Wednesday 31 August 2016

Large funds are good, but don't become too large

Currently there are many types of financial institutions that help individuals and organizations to manage their wealth, and some of these institutions may claim to offer fixed incomes. These offered returns are normally higher than the returns given by the definitely safe securities such as government bonds, and become very attractive to certain types of investors who normally hold enormous funds and have scheduled payments each time period.

The word "fixed" may be confusing to some people, as a fixed income fund does not mean it offers a fixed return, instead it pays a return on a fixed schedule and the return could vary. Therefore, although people generally believe investing in a fixed income fund is less risky than investing in an equity fund, it still has some risk and it does not necessarily meet the return that you expect. Imagine you are a pension fund manager who manages an account of trillions of dollars and invest in fixed income funds. Once the fixed income funds cannot meet the requirement, which you should expect and do something about, you would choose several other funds which could be more risky but offer higher returns. By doing such thing, you turn yourself into a fixed income fund as you are doing what a fixed income fund would exactly do to meet their scheduled payments. However, you are still less likely to do better than the fixed income fund you invest in, when we assume you and the fixed income fund manager have close abilities. This is because you have high management costs and have to pay very high commission fees.

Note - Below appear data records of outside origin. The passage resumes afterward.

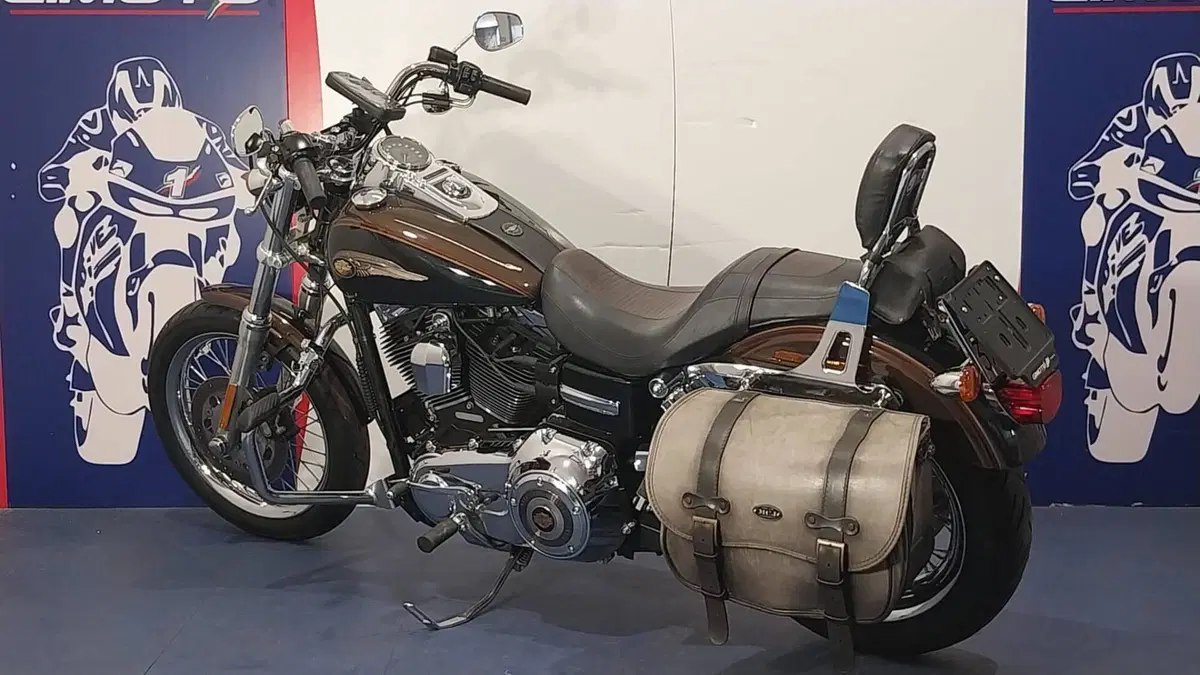 Harley-Davidson 1584 Super Glide Custom (2008 - 13) - FXDC (4)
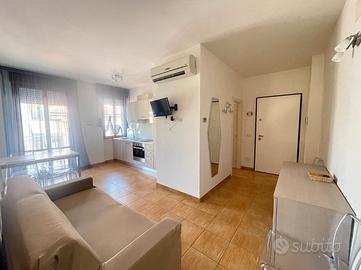 Trilocale con balconi abitabili a 150 m dal mare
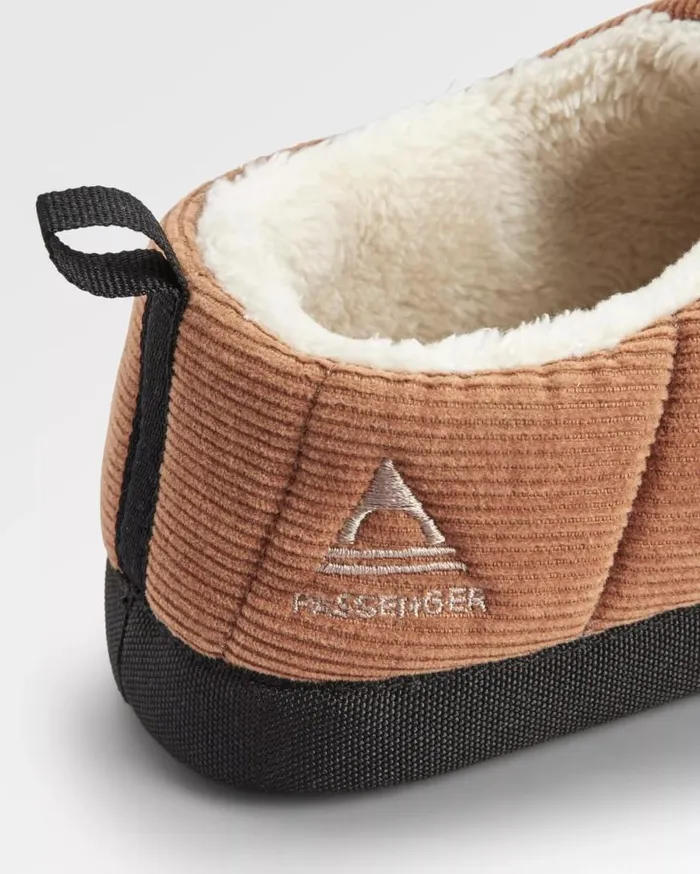Women Footwear Passenger Recharge Corduroy Hut Slipper Coconut Coconut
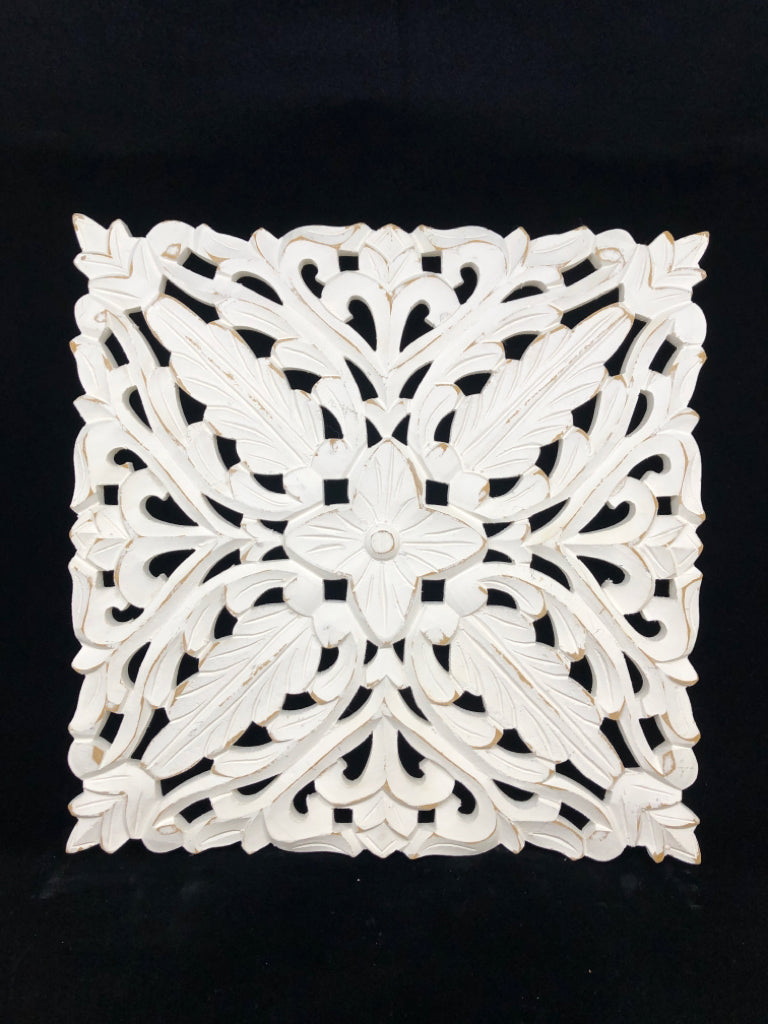 DISTRESSED WHITE WOODEN STAR STYLE WALL-HANGING.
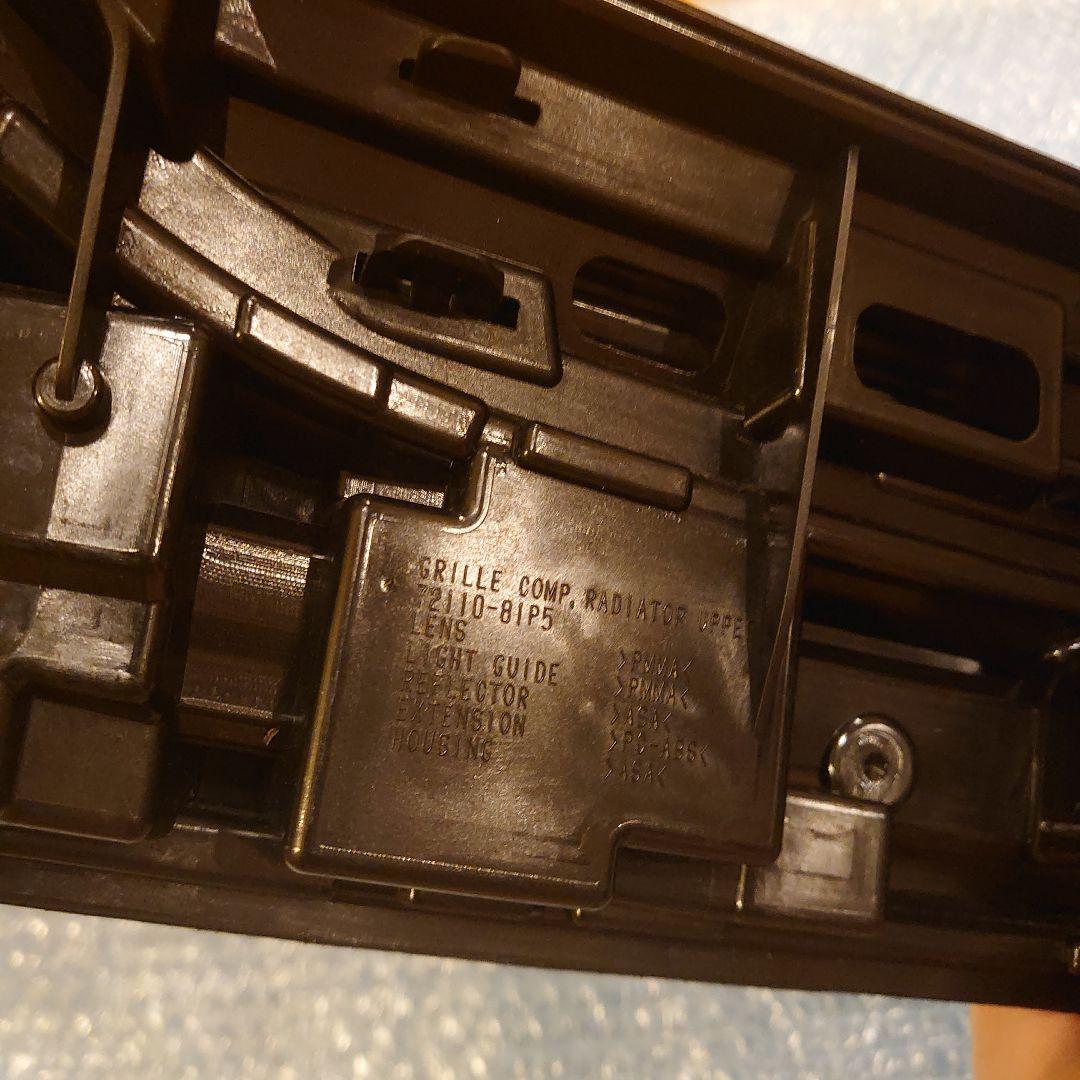 SUZUKI スズキ　ソリオフロントグリル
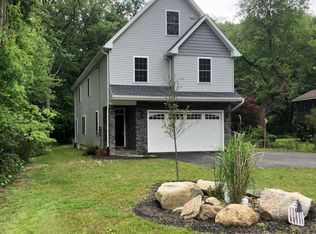 3530 Garnet Mine Rd, Garnet Valley, PA 19060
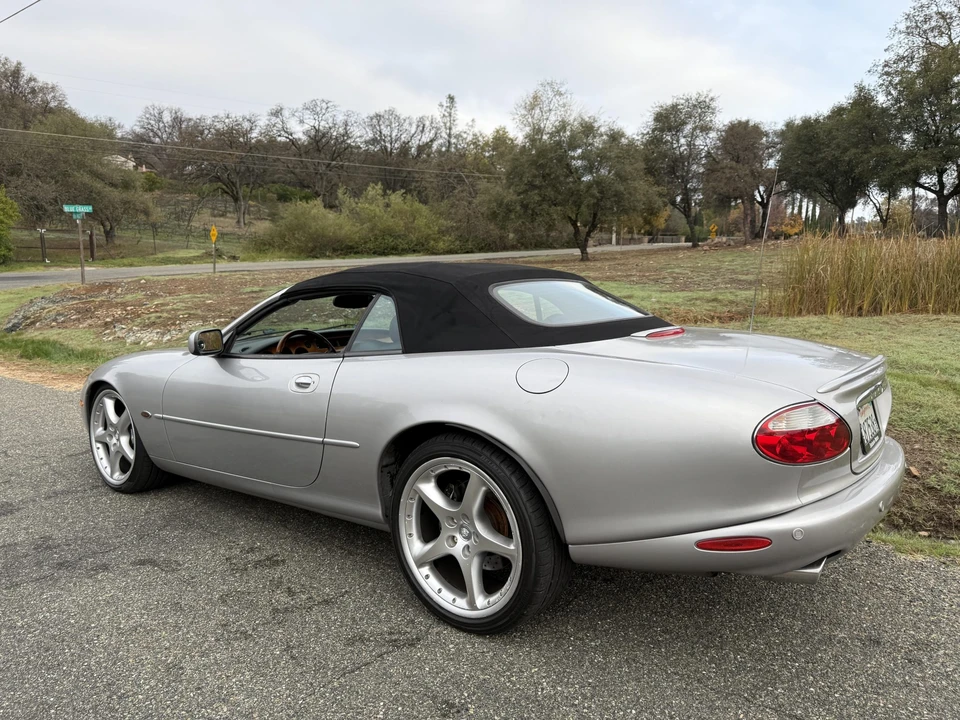 2002 Jaguar X100 XKR - Image 24 of 31
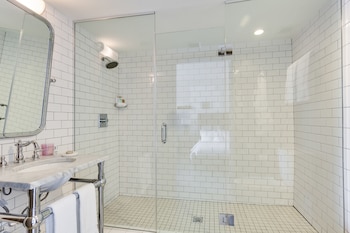 Shower, designer toiletries, hair dryer, bathrobes at Clinton Hotel South Beach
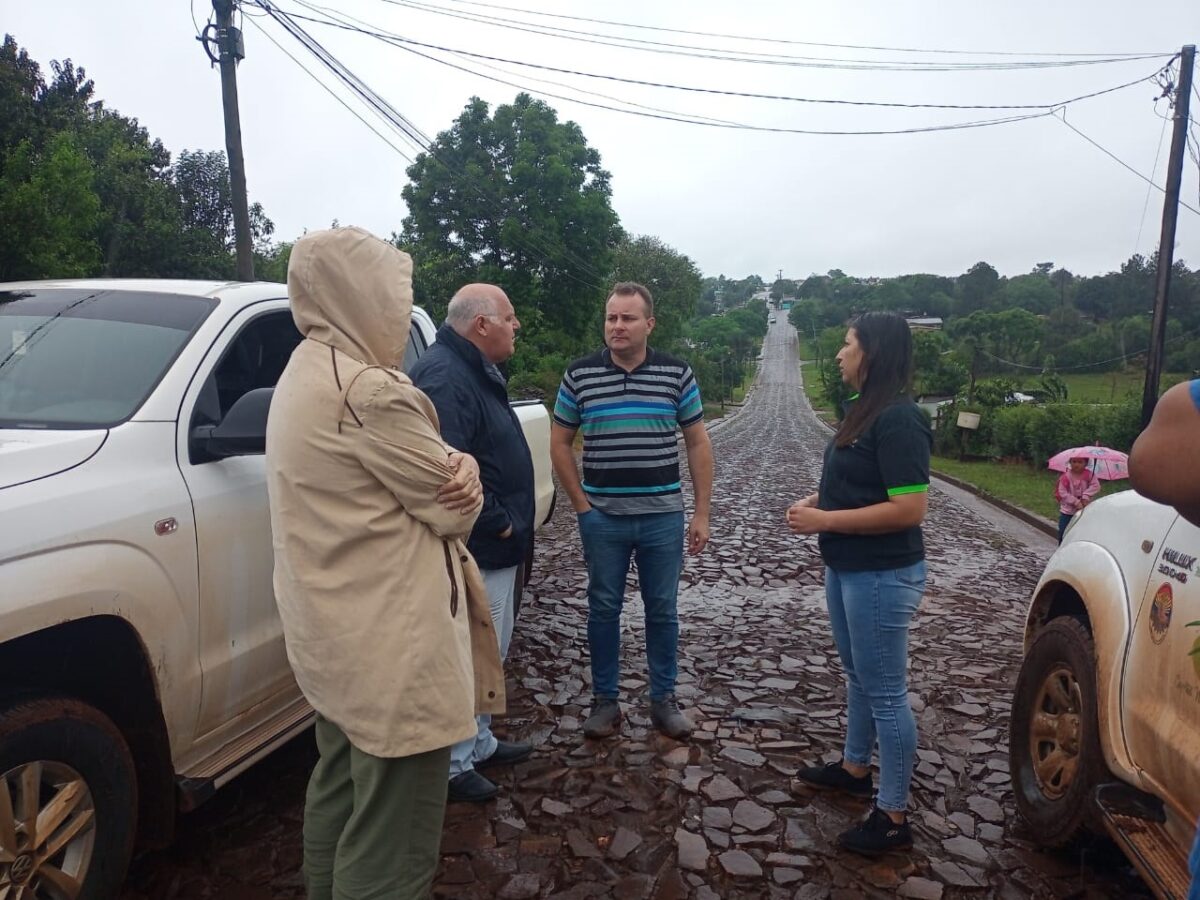 Asisten a vecinos afectados por el temporal en distintas zonas de Misiones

In the real world, many national pension funds and large multinational insurance companies employ fixed income fund managers and other types of fund managers including hedge fund managers to offer them fixed incomes, then they offer their clients with some products with fixed payments. Theoretically they are fixed income funds themselves, but their operation costs are much higher.

Therefore, I often believe large funds are more productive than smaller ones, as they can have more investment opportunities; however, once becoming too large, it is inevitable to start to invest in other funds, which I think is a very inefficient investment option.